(WHAT IS BEING ASKED):
Without including any image, repeat every record exactly.

Stored items from a collection

* * * * *

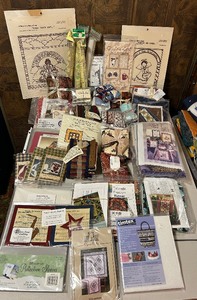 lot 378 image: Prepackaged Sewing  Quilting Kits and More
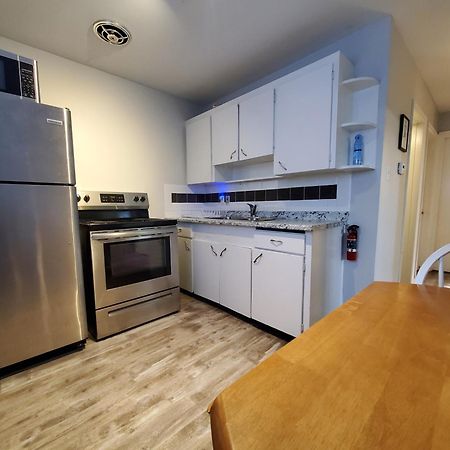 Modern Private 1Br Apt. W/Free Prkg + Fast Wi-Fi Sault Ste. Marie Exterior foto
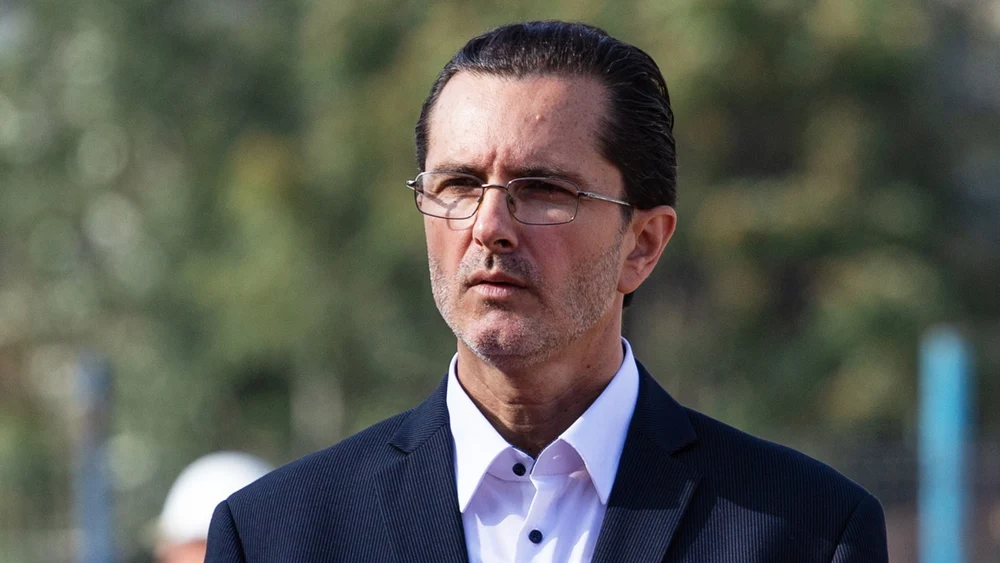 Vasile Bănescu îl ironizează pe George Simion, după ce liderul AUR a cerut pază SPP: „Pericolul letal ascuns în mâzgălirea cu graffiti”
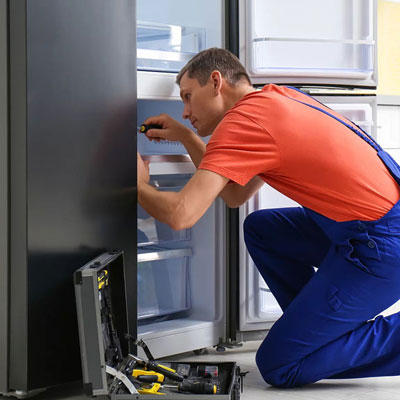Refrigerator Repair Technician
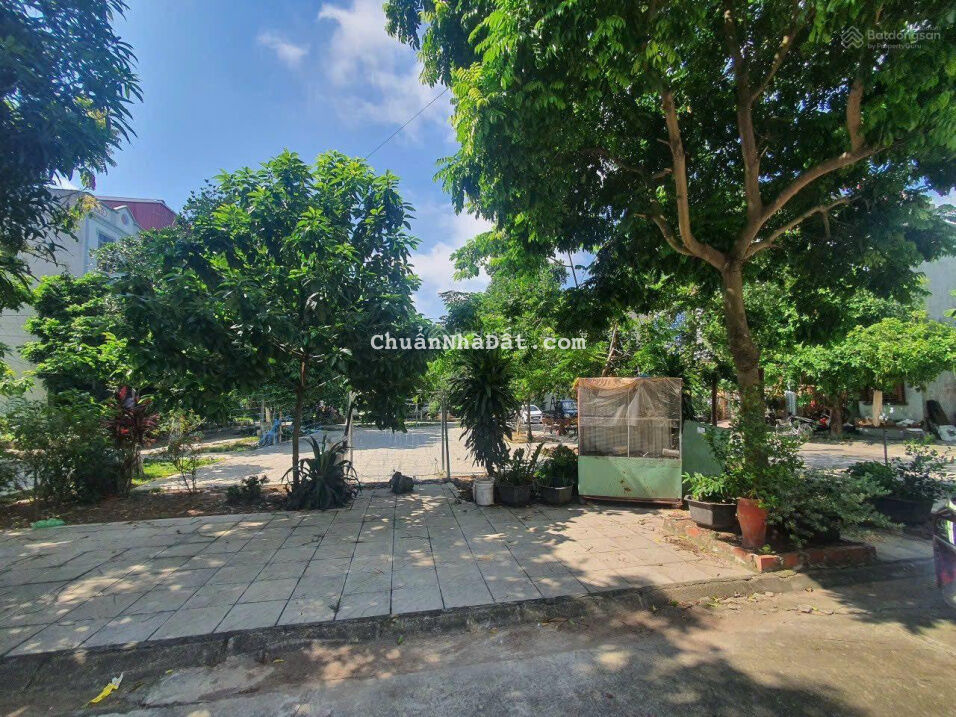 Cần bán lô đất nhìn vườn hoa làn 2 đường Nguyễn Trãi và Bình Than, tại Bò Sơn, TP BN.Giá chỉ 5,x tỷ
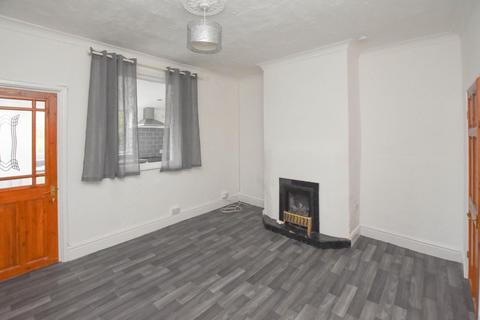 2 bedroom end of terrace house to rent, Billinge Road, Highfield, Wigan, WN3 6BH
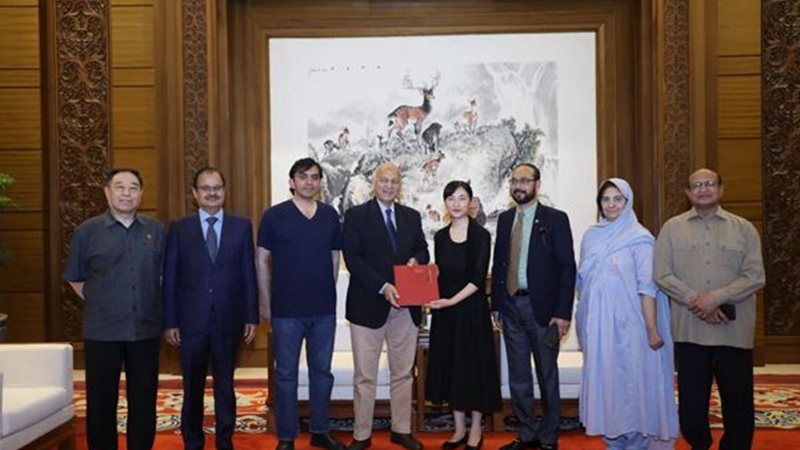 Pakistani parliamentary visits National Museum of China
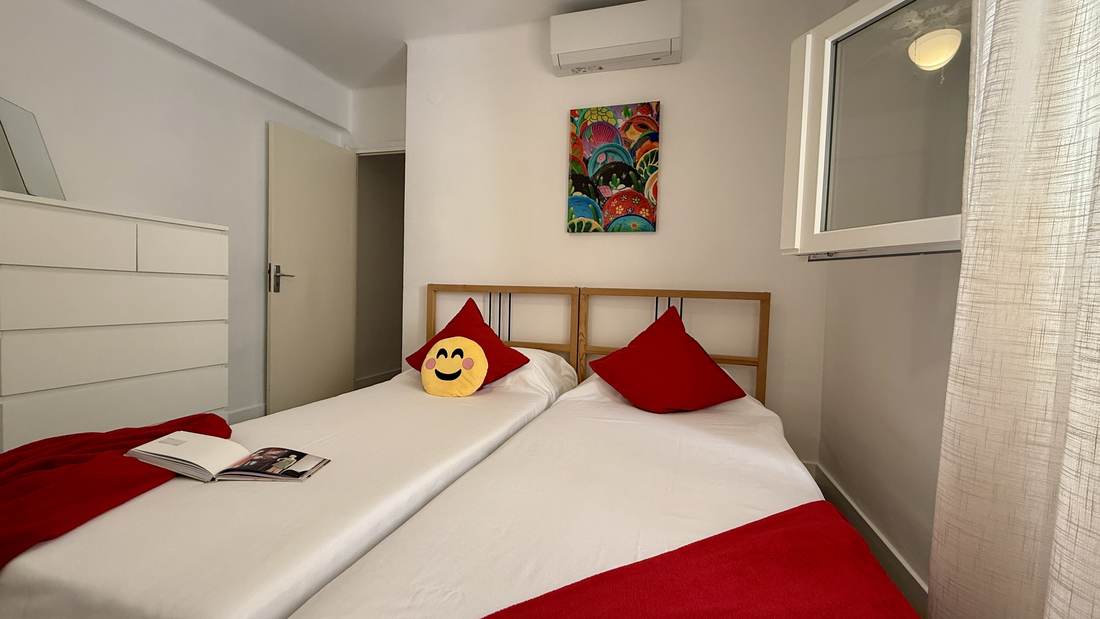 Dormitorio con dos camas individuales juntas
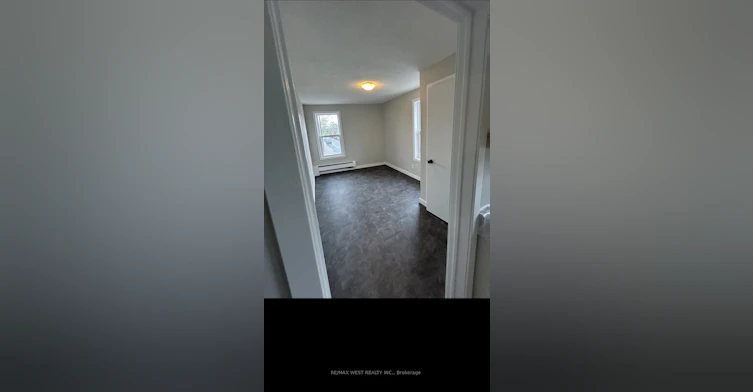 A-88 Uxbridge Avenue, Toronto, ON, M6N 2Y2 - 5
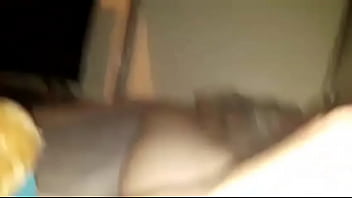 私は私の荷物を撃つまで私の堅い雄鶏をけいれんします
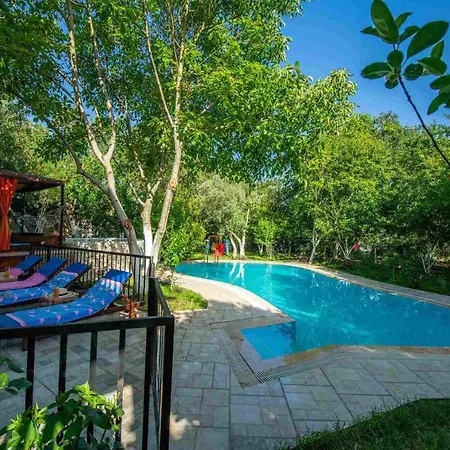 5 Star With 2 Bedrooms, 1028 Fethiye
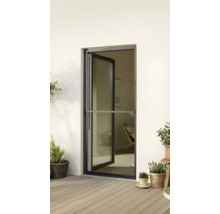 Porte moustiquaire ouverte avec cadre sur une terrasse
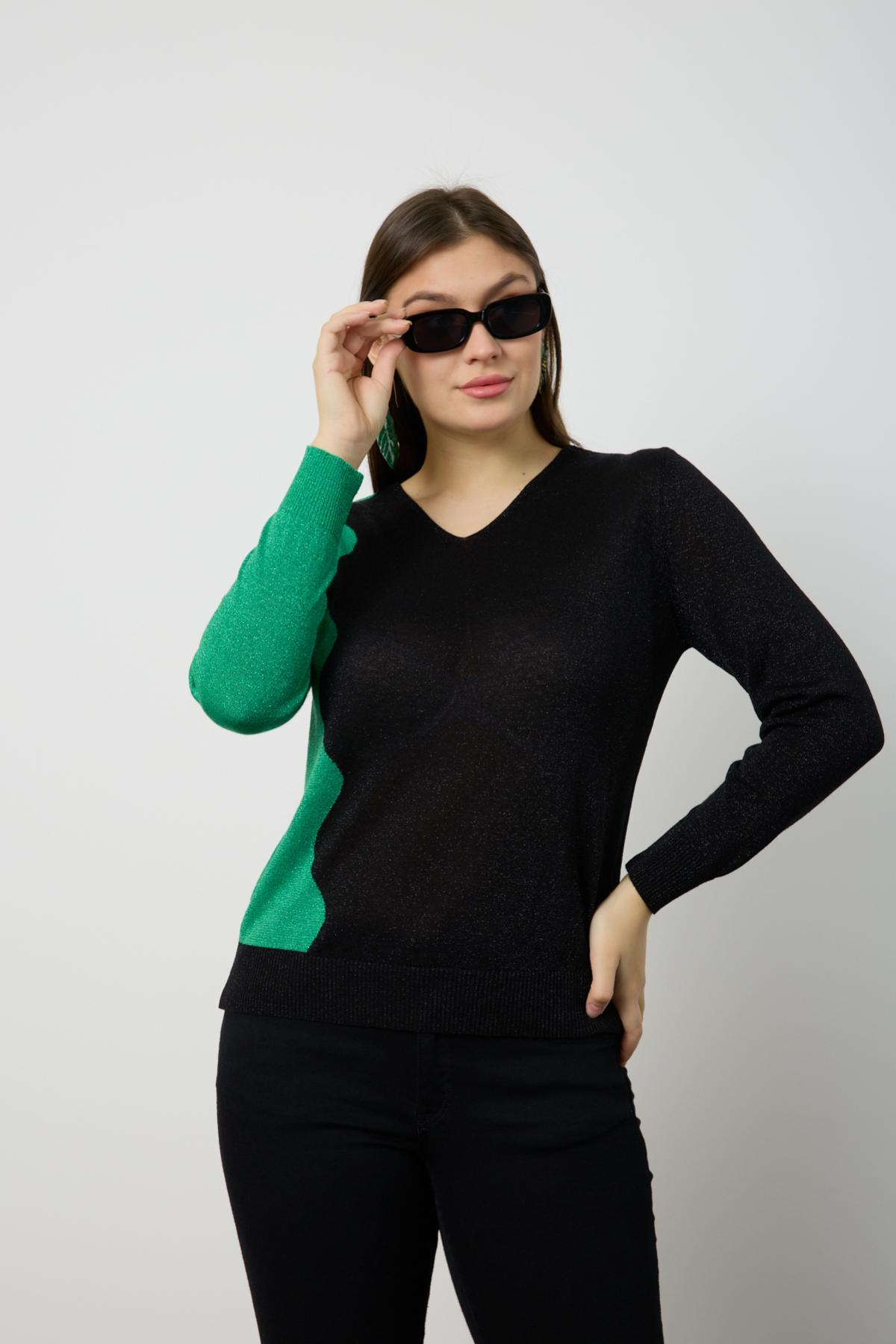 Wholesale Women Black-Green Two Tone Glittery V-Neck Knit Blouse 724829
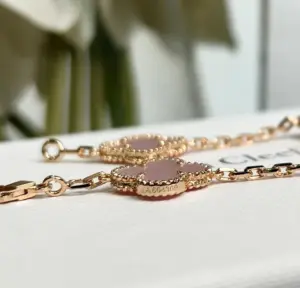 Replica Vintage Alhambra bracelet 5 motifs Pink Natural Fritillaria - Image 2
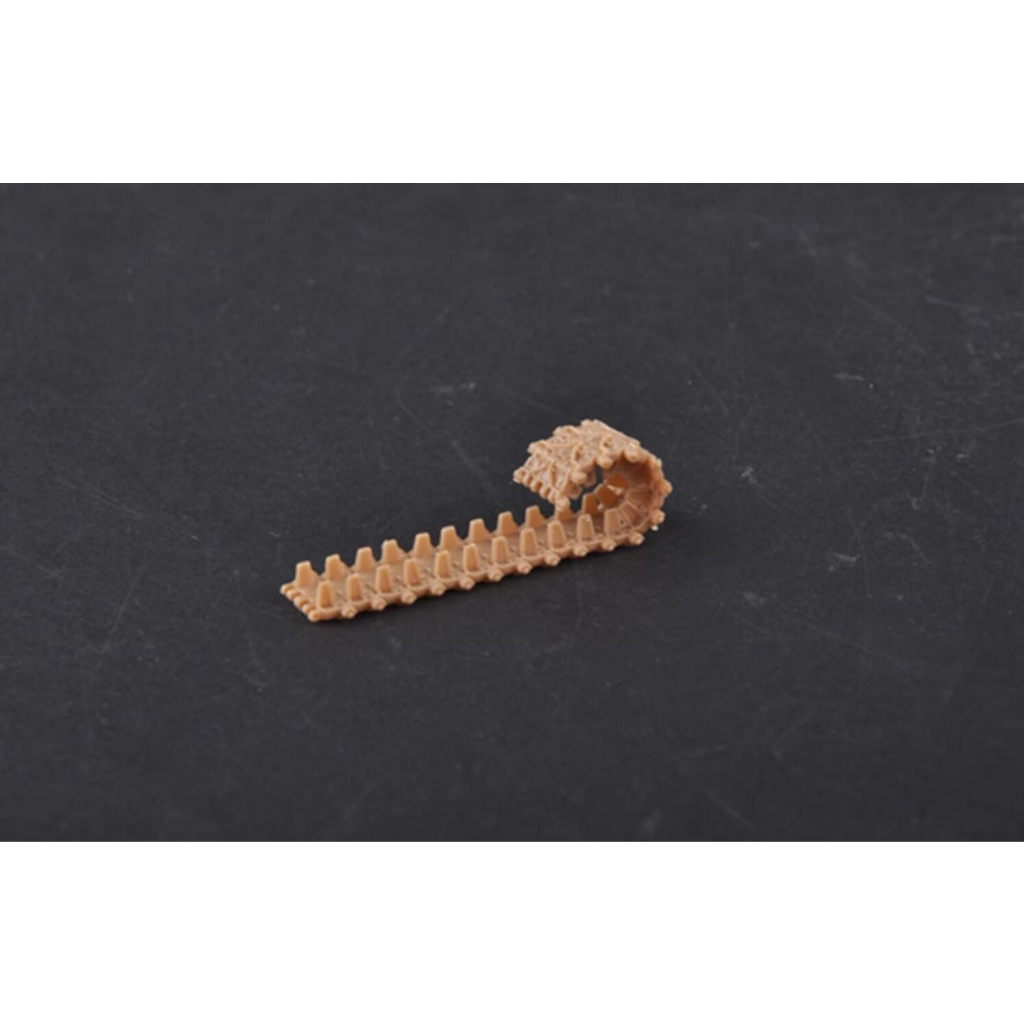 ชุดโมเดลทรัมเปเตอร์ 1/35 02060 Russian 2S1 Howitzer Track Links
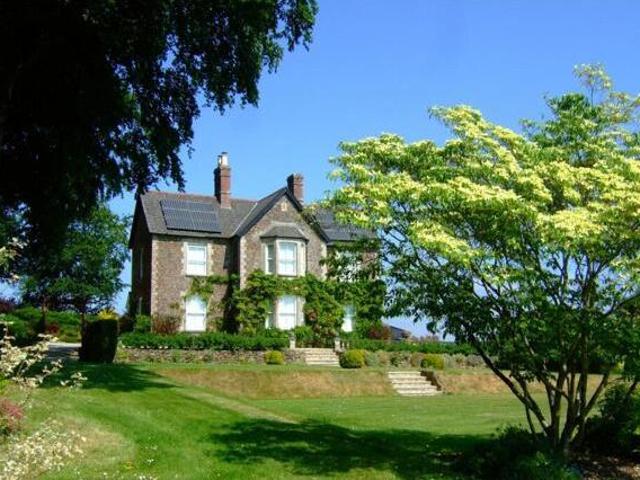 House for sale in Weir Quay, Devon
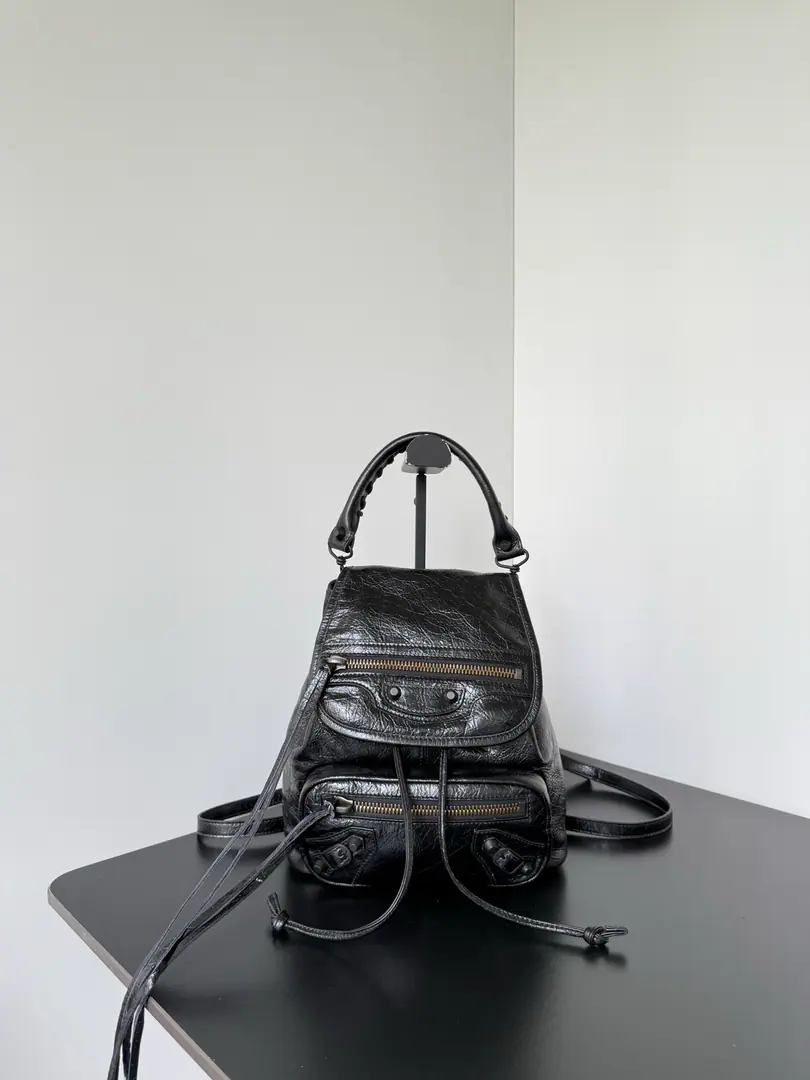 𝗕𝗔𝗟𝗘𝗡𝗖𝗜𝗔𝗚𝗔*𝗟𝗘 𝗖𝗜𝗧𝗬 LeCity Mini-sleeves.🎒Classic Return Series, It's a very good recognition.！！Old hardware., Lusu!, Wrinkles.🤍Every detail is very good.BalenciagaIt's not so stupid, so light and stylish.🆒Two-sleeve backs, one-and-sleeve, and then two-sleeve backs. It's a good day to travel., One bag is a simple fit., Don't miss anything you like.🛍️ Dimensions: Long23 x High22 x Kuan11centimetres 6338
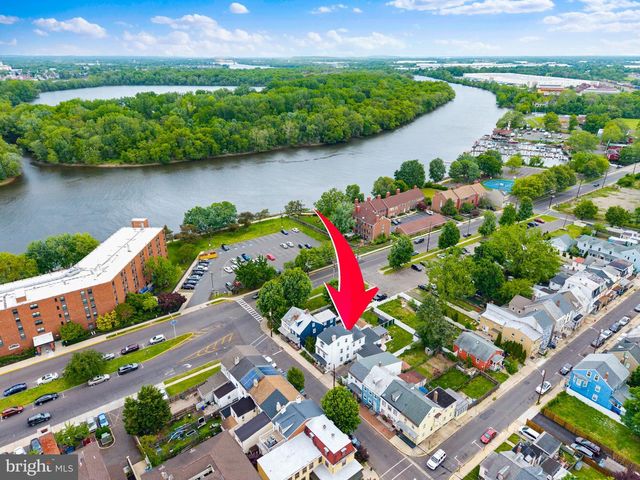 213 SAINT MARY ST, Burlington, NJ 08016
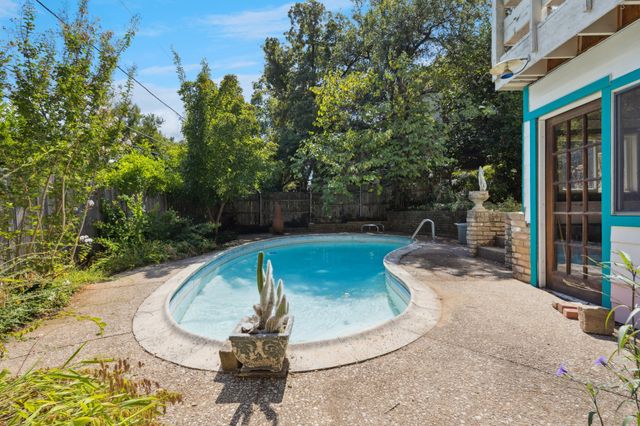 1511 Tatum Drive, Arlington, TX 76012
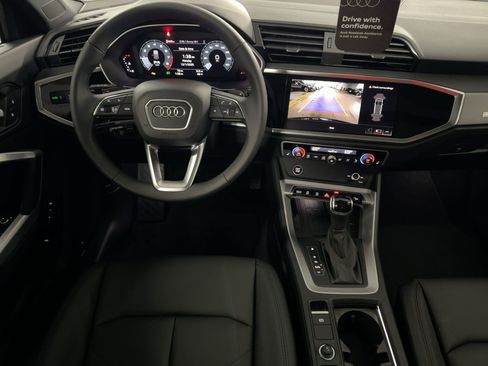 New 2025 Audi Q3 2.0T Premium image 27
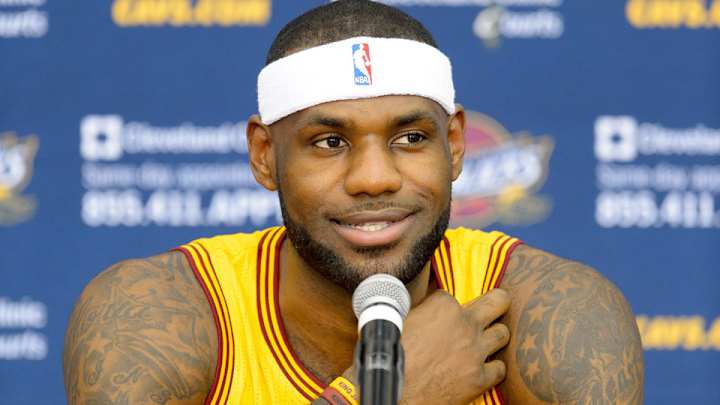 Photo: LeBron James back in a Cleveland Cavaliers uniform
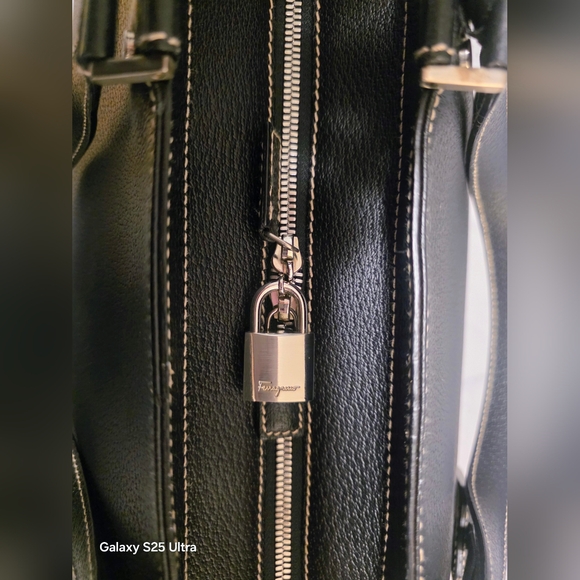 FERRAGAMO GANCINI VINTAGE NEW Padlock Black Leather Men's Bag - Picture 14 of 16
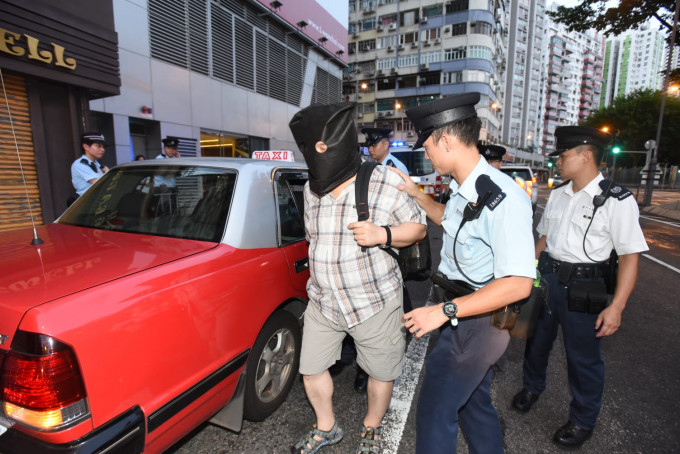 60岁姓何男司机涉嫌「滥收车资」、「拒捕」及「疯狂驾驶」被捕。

* * * * *

(REPLY):
 lot 378 image: Prepackaged Sewing  Quilting Kits and More
 Modern Private 1Br Apt. W/Free Prkg + Fast Wi-Fi Sault Ste. Marie Exterior foto
 Vasile Bănescu îl ironizează pe George Simion, după ce liderul AUR a cerut pază SPP: „Pericolul letal ascuns în mâzgălirea cu graffiti”
Refrigerator Repair Technician
 Cần bán lô đất nhìn vườn hoa làn 2 đường Nguyễn Trãi và Bình Than, tại Bò Sơn, TP BN.Giá chỉ 5,x tỷ
 2 bedroom end of terrace house to rent, Billinge Road, Highfield, Wigan, WN3 6BH
 Pakistani parliamentary visits National Museum of China
 Dormitorio con dos camas individuales juntas
 A-88 Uxbridge Avenue, Toronto, ON, M6N 2Y2 - 5
 私は私の荷物を撃つまで私の堅い雄鶏をけいれんします
 5 Star With 2 Bedrooms, 1028 Fethiye
 Porte moustiquaire ouverte avec cadre sur une terrasse
 Wholesale Women Black-Green Two Tone Glittery V-Neck Knit Blouse 724829
 Replica Vintage Alhambra bracelet 5 motifs Pink Natural Fritillaria - Image 2
 ชุดโมเดลทรัมเปเตอร์ 1/35 02060 Russian 2S1 Howitzer Track Links
 House for sale in Weir Quay, Devon
 𝗕𝗔𝗟𝗘𝗡𝗖𝗜𝗔𝗚𝗔*𝗟𝗘 𝗖𝗜𝗧𝗬 LeCity Mini-sleeves.🎒Classic Return Series, It's a very good recognition.！！Old hardware., Lusu!, Wrinkles.🤍Every detail is very good.BalenciagaIt's not so stupid, so light and stylish.🆒Two-sleeve backs, one-and-sleeve, and then two-sleeve backs. It's a good day to travel., One bag is a simple fit., Don't miss anything you like.🛍️ Dimensions: Long23 x High22 x Kuan11centimetres 6338
 213 SAINT MARY ST, Burlington, NJ 08016
 1511 Tatum Drive, Arlington, TX 76012
 New 2025 Audi Q3 2.0T Premium image 27
 Photo: LeBron James back in a Cleveland Cavaliers uniform
 FERRAGAMO GANCINI VINTAGE NEW Padlock Black Leather Men's Bag - Picture 14 of 16
 60岁姓何男司机涉嫌「滥收车资」、「拒捕」及「疯狂驾驶」被捕。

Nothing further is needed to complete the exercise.